PROBLEM TO SOLVE
The data below holds a line containing "Ford Focus 1.0" and a line containing "Britsk&yacute; herec Christopher"; please quote exactly those two lines and every line between them, and nothing else.

DATA FOR THE TASK
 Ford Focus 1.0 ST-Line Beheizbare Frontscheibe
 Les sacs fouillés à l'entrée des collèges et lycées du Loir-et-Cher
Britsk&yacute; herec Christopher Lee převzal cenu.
--
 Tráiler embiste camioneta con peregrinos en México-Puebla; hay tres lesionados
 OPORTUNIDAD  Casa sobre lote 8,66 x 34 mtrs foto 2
* * *
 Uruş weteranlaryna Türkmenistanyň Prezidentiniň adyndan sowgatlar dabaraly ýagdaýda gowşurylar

SOLUTION FOR THIS EXERCISE
 Ford Focus 1.0 ST-Line Beheizbare Frontscheibe
 Les sacs fouillés à l'entrée des collèges et lycées du Loir-et-Cher
Britsk&yacute; herec Christopher Lee převzal cenu.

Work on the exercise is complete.